Un mouvement insignifiant car car il semble que l'entreprise - à la lecture de ses premières déclarations - avait anticipé les revendications de ses sites tunisiens, par une revalorisation en 2012 et 2013 des rémunérations "supérieure aux accords conclus en 2010". Une médiatisation surévaluée  car toute information en provenance d'un pays en phase d'adaptation politique est scrutée à la loupe. Et pourtant.

 

Tout commence au début des années 2000 : quelques pionniers de la délocalisation des "centres de contact" mettent à profit leur connaissance de pays à la fois francophones et "tolérants" au plan du droit du travail. L'Ile Maurice, la Roumanie et les pays du Maghreb (principalement le Maroc et la Tunisie) deviennent au fil du temps des références pour un service de qualité à un taux horaire défiant toute concurrence, un peu de la même manière que l'étaient devenus certains pays d'Asie pour les matériels informatiques.

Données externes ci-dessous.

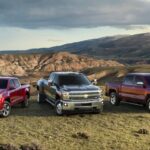 A red 2015 Chevy Colorado, black 2015 Chevy Silverado HD, and red 2015 Chevy Silverado 1500 are shown parked side by side in an open field with mountains in the background.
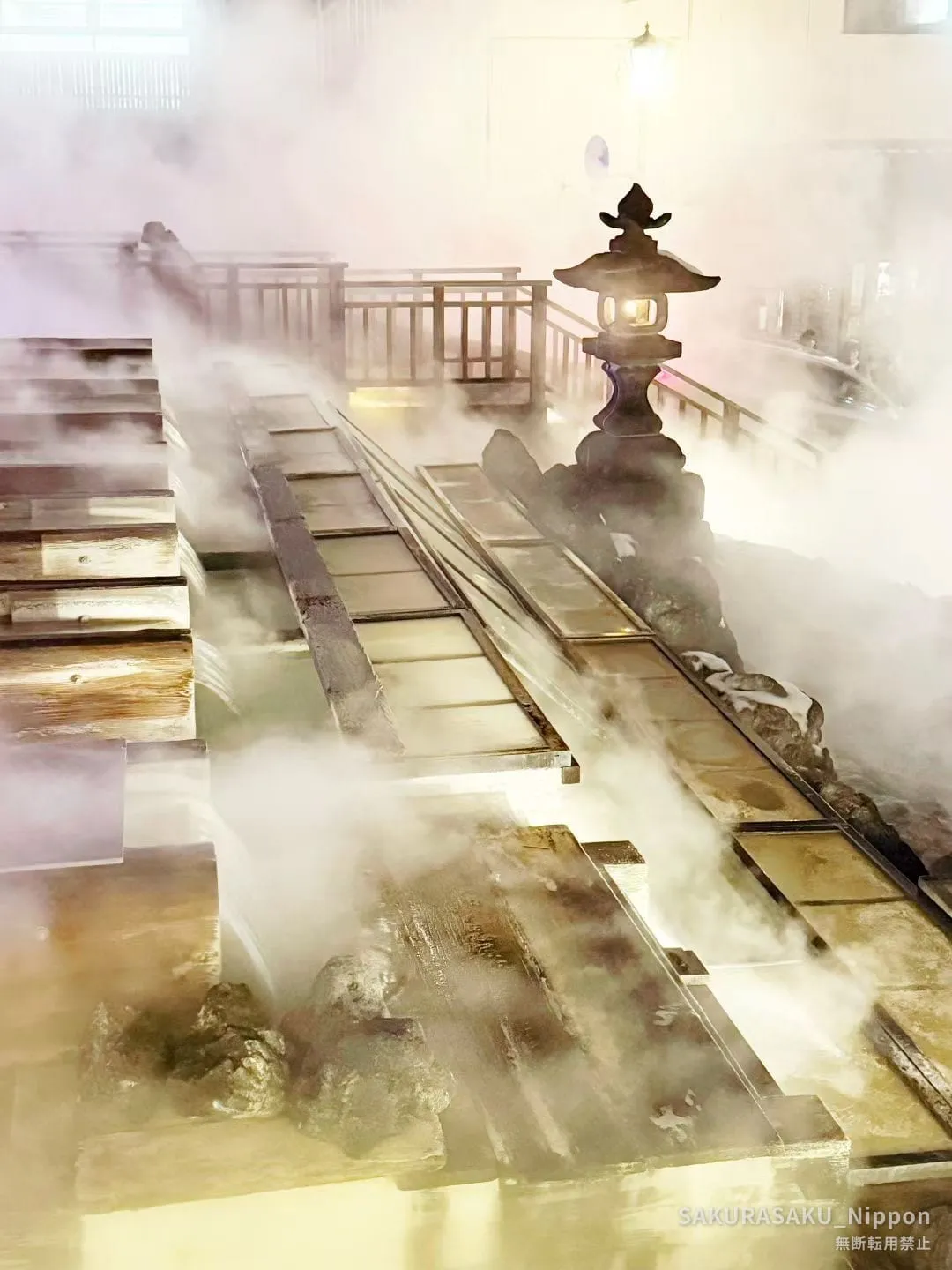 Steam rising from the yubatake channels around the stone lantern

Ainsi, au fil du temps, les abonnés de tel ou tel fournisseur d'accès à Internet ne s'étonnaient-ils plus en contactant leur service client, de l'accent parfois chantant de leurs interlocuteurs.

 

Malgré les incises fin 2012 du Ministre du redressement productif et ses appels à la "relocalisation" de la relation client, cette activité de centres d'appel "offshore" se portait donc plutôt bien. Jusqu'à aujourd'hui. Car c'est la première fois qu'un mouvement social d'ampleur, qui plus est au sein d'un leader historique du secteur, gagne aussi complètement la sphère médiatique française.

 

Après le mouvement largement médiatisé qui a secoué FOXCONN, le sous-traitant chinois d'Apple pour in fine obliger le constructeur à s'engager sur des améliorations des conditions de travail, c'est donc au tour de partenaires tunisiens jusqu'ici d'une discrétion "exemplaire" de se manifester. La délocalisation se confirme ainsi comme une stratégie à double tranchant dès lors que l'information circule à peu près librement. Quand le "c'est pareil" qui a fait les beaux jours de l'argumentaire commercial de cette activité s'applique tout à coup au social, cela devient plus difficile à valoriser pour les opérateurs concernés.

 

En portant à la connaissance des clients directs et indirects de Téléperformance les motifs de leur colère, les grévistes font un joli coup médiatique et peuvent gagner une bataille sociale très symbolique - il n'est qu'à lire les éléments de langage très prudents publié par l'employeur : "Dans un contexte national extrêmement spécifique et complexe qui ne simplifie pas le dialogue syndical, la société Téléperformance reste particulièrement attentive au respect de ses obligations sociales et sociétales" (AFP)

 

Le phénomène est toutefois à observer dans la durée. D'abord pour guetter l'apparition d'éventuels émules. Ensuite pour  mesurer les effets de cette "revendication exportée" en matière d'investissements sur le territoire : l'absence d'impact à six mois sur les investissements étrangers tendrait à prouver que les salariés tunisiens ont raison de porter leur combat au-delà de leurs frontières. Au contraire, un ralentissement tendrait à prouver que les entreprises concernées cherchent déjà un nouvel Eldorado.

 

Enfin, du point de vue de la gestion de la communication et de la conduite du dialogue social, cela pose un certain nombre de questions et appelle à de nombreuses adaptations pour les entreprises concernées. En matière de communication, la libéralisation de l'information dans des pays qui, jusqu'ici, ne laissaient rien filtrer, permet à présent aux salariés de s'inspirer plus largement qu'auparavant des revendications sociales des "riches" - notamment en matière de mobilisation et de négociation - et de sensibiliser le client final par delà des frontières. Toute la palette d'outils de communication interne, qui intervient classiquement le plus en amont possible de tout conflit, va obligatoirement se structurer et se professionnaliser sur des sites qui n'avaient jusqu'ici, au mieux, que la version électronique du journal interne à leur disposition.

 

Les méthodes de gestion du conflit des représentants des salariés devenant elles aussi, plus sophistiquées sur ces mêmes unités de production, il y a fort à parier que la technicité du dialogue social et des négociations va elle aussi devoir progresser, avec la difficulté supplémentaire induite par une gestion du conflit très différente en fonction des pays.